Aproveitando o facto de ter visto ontem à noite o novo filme do Universo Marvel, e a exigência – quase portuguesa – de Stephen Strange (desempenhado pelo notável Benedict Cumberbatch) de ser tratado, não por mágico, não por feiticeiro, não por mestre, mas sim por Doutor Strange, venho dar corpo a alguns pensamentos sobre este hábito desprezível.
Para tanto, dou o seguinte exemplo:
Num congresso importantíssimo a nível nacional, três conhecidos de longa data encontram-se:
-Olá, Sr. Doutor!
– Olá, Sr. Engenheiro!
– Bom dia, como têm passado, meus caros? – Pergunta o Sr. Arquitecto aos outros dois que o cumprimentam e o recebem na interessante conversa de ambos.
Finalmente, quando a conversa acaba, os três dirigem-se às respectivas secretárias com um ar pensativo:
– Oh Ana, relembre-me como se chamam aqueles dois. – Solicita o Sr. Doutor.
– Oh Maria, a senhora sabe o nome daqueles dois? – Pergunta o Sr. Engenheiro.
– Oh moça, veja lá se descobre o nome daqueles dois, que eu já há uma década que os conheço e ainda só os trato por Doutor e Engenheiro. – Diz o Sr. Arquitecto.
Assim mandatadas, as solícitas secretárias tratam de recolher a pertinente informação e tratam de dar a conhecer os nomes rogados aos seus patrões.

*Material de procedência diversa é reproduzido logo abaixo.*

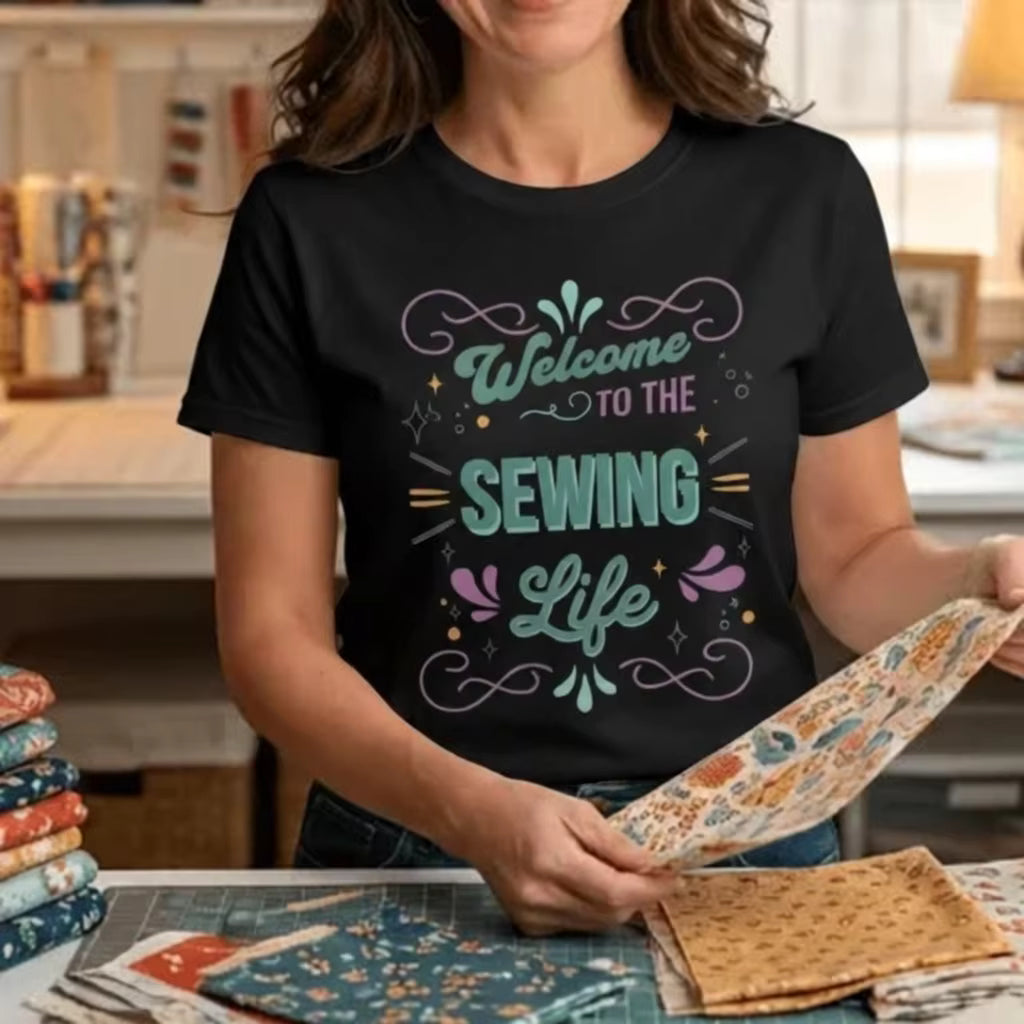 Welcome to the Sewing Life Tee: Your New Favorite 'Work' Uniform (French Sweets)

Todavia, passado um ano, novo congresso em que os três voltam a participar:
-Olá, Sr. Doutor!
– Olá, Sr. Engenheiro!
– Bom dia, Dr. Doutor e Sr. Engenheiro, como têm passado, meus caros? – Pergunta o Sr. Arquitecto.
Conclusão óbvia, dá muito jeito este hábito português. Assim, ninguém precisa de decorar os nomes dos outros. Só é preciso saber se eles são doutores, engenheiros ou arquitectos (tal como antigamente era preciso distinguir os barões dos condes) e tratá-los por esse título. Mais uma vez, os portugueses demonstram como da preguiça até vem algum engenho de vez em quando.
Pena é a falta de consideração que se demonstra no final do dia.
Mas, para se perceber isso mesmo, é preciso ter a necessária humildade.
Caso contrário, cumprimentamos o outro tal como nos cumprimentam a nós, com igual desprezo.